» Problem statement
Using the data below, transcribe exactly everything from the line that contains "3. etasje: Entré/gang, bad/vaskerom, kjøkken" down to the line that contains "DL3 Mobilak Metal". Include both of those lines and none of the pictures.

──────── Records for this task ────────

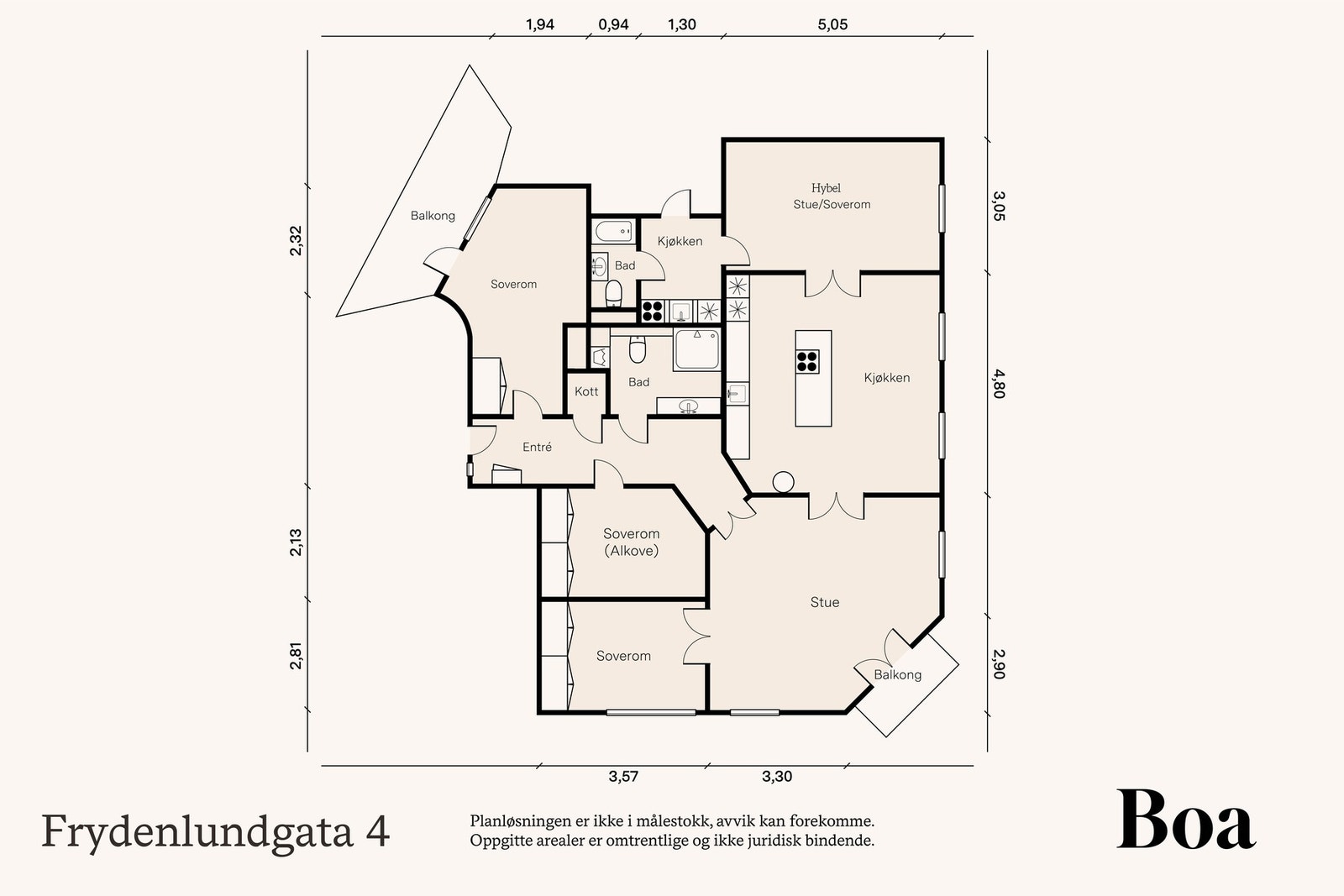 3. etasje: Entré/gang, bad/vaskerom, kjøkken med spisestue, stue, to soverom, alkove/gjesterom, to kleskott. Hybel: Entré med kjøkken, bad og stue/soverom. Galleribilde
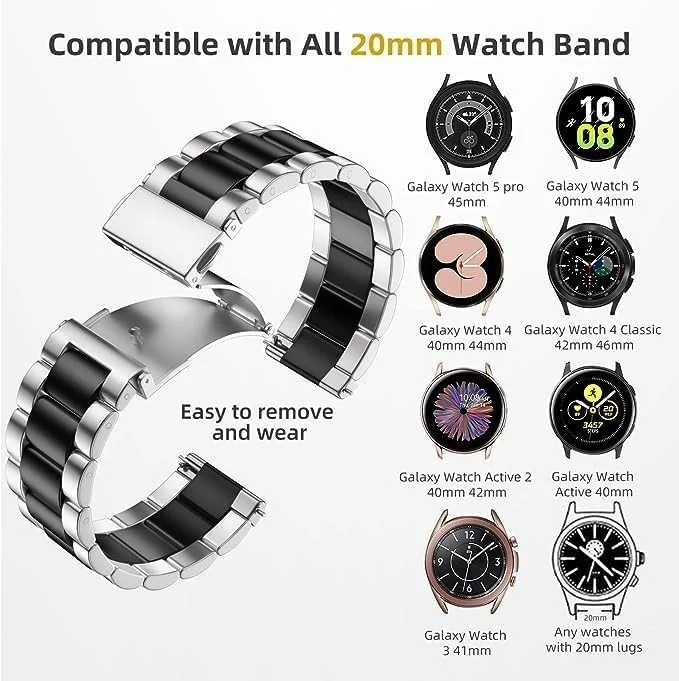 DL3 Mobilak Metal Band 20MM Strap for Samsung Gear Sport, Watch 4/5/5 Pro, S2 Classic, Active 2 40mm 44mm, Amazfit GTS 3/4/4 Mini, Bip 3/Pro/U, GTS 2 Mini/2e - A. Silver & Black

────────
──────── Records for this task ────────

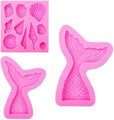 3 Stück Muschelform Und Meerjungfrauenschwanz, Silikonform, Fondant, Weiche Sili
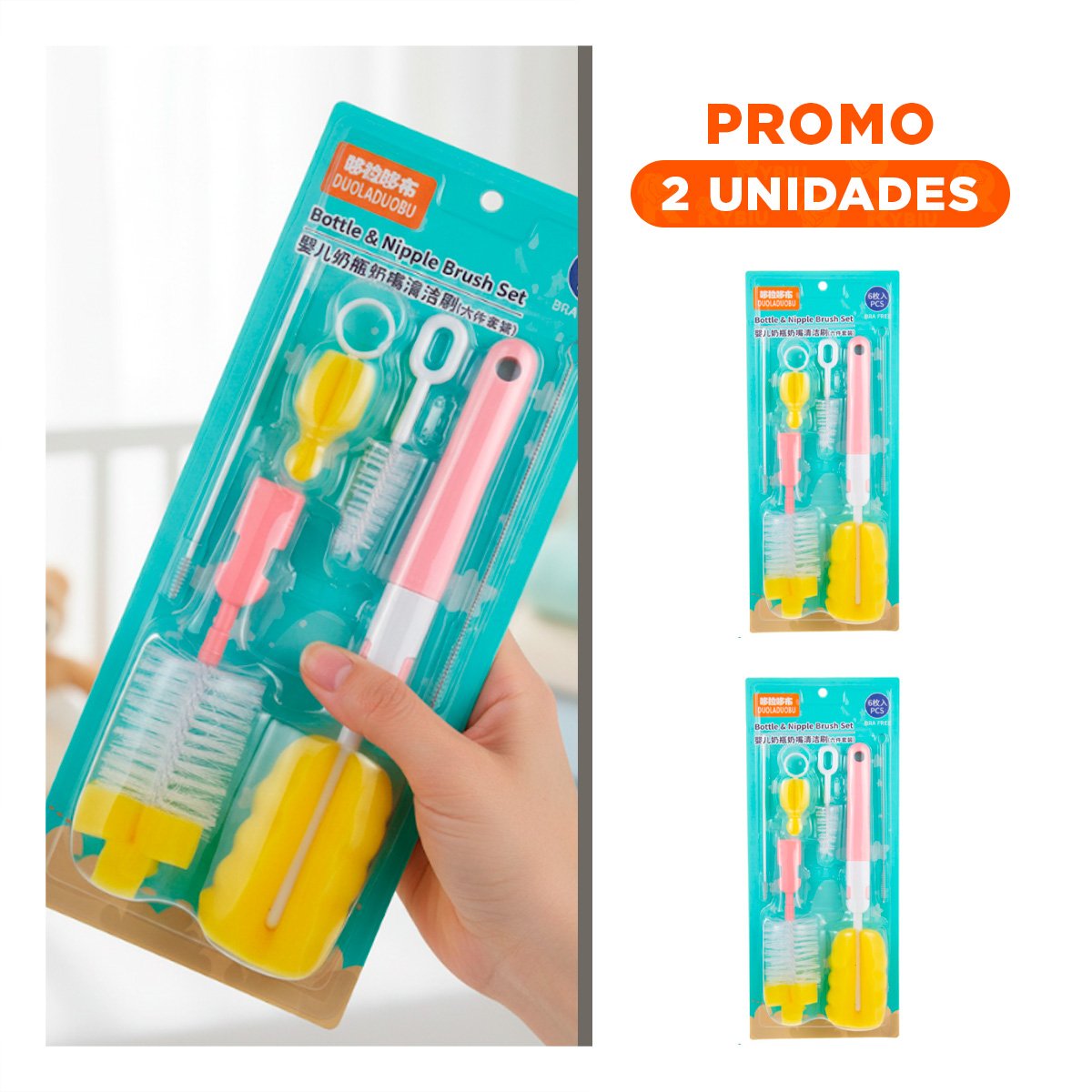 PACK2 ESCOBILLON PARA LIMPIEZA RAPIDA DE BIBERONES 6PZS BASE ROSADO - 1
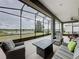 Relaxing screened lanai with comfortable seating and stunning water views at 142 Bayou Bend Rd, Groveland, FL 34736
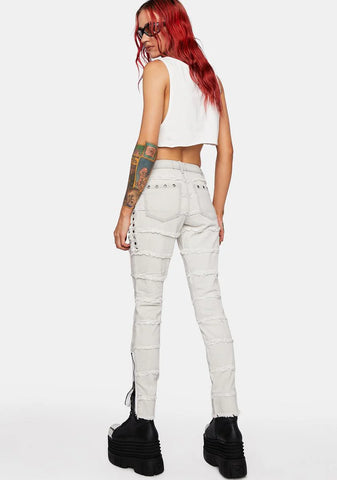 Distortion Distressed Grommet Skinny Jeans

────────
──────── Records for this task ────────

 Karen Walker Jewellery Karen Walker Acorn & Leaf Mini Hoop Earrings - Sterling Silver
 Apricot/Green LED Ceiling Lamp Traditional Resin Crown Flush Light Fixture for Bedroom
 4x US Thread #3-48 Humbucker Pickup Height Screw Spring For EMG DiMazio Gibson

────────

» Solution to the problem
 3. etasje: Entré/gang, bad/vaskerom, kjøkken med spisestue, stue, to soverom, alkove/gjesterom, to kleskott. Hybel: Entré med kjøkken, bad og stue/soverom. Galleribilde
 DL3 Mobilak Metal Band 20MM Strap for Samsung Gear Sport, Watch 4/5/5 Pro, S2 Classic, Active 2 40mm 44mm, Amazfit GTS 3/4/4 Mini, Bip 3/Pro/U, GTS 2 Mini/2e - A. Silver & Black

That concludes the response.